Mom opened the book. I suppose it was something like What to Tell Your Precocious Nuisance About Sex. But I never knew, because she didn't show me the cover. Nor did she read it directly to me, or even hold up any of the pictures. Instead, she silently skimmed each page, and translated it into Idiotese. After every few pages, she'd add: "Remember, you can only do this if you're married."
I didn't see why I'd want to do it at all. The whole thing struck me as pretty messy. The book — or Mom's rendition of it — suppressed discussion of pleasure or love or emotional gratification of any kind. And that's not the only thing I didn't get. For a long time thereafter, I was under the impression that the man peed into the woman. I suppose the surroundings in which I had learned the information subliminally planted that seed in my head. In any case, the entire procedure sounded pretty inconvenient for both parties.
"You and Dad did that?"
"There's no seed store?"
"No. The seed was in his body."
"So are you telling me there's no seed store anywhere? Anywhere? In the whole world?"
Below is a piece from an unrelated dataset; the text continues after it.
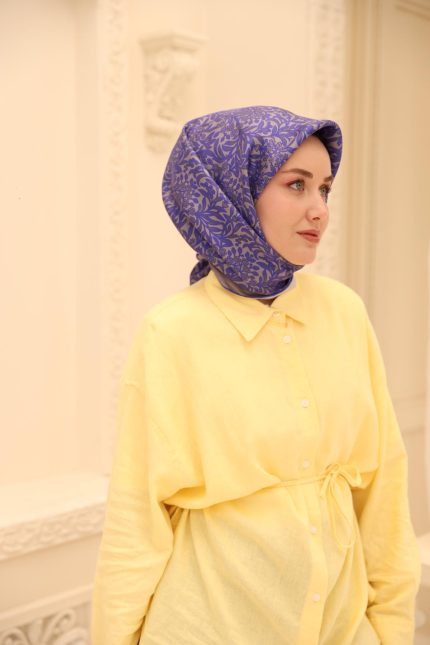 Silk Home Tivil İpek Eşarp 11464-37 Mor Karışık Desen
"Uh-huh. This is what married people do here, and in Europe, and in Africa, and all over."
That sounded like baloney to me. "Nanny did it, too?"
"Yeah, Nanny, too. Everybody. But remember, you have to be married." The skeptic in me kicked into high gear. There was no way that Nanny ever did that. "I can't believe there's no seed store. Are you positive?"
"What a gyp."
But it wasn't enough of a gyp to keep me from passing it on to all my friends. The very next day, I began holding forth to any kid who would listen. "Hey, guess what? There's no seed store." For a while, I had the reputation among my friends' mothers as the worst influence in the entire neighborhood, the pervert of the playground.
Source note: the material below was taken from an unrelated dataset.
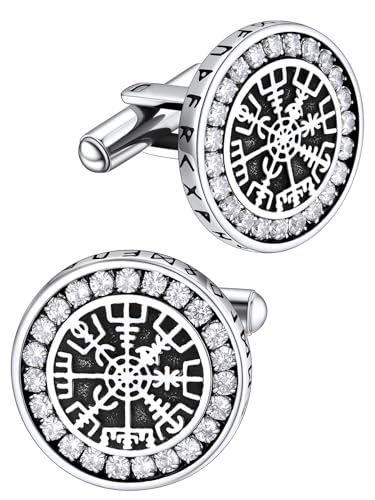 FaithHeart Mens Cufflinks, Norse Viking Tuxedo Shirt Cuff Links, Stainless Steel Cuff Links and Shirt Studs, Gift Box - style: 01. Compass CZ-Silver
Most of the kids didn't believe me; about six of them grabbed each other's hands to form a circle, and danced around me, chanting "penis and vagina, penis and vagina." Jerry reached into his pants, felt himself carefully, and screamed at me, "You're lying. There's no seeds in it." Shelley’s mother never forgave me. She’s convinced to this day that he still wouldn’t know the facts of life if I hadn’t spilled the beans to him while we were riding on the seesaw.
Weeks went by, and Dad didn't say anything at all to me about my lesson. Then one night, out of the blue, he asked, "So Mom wised you up? About the seeds?"
"Yeah," I answered.
"There's more," he said, and winked. "Remind me to tell you when you're older."
"After I'm married?" I asked.
"Maybe a little bit before," he replied.
"Not today, OK? I need to take a nap."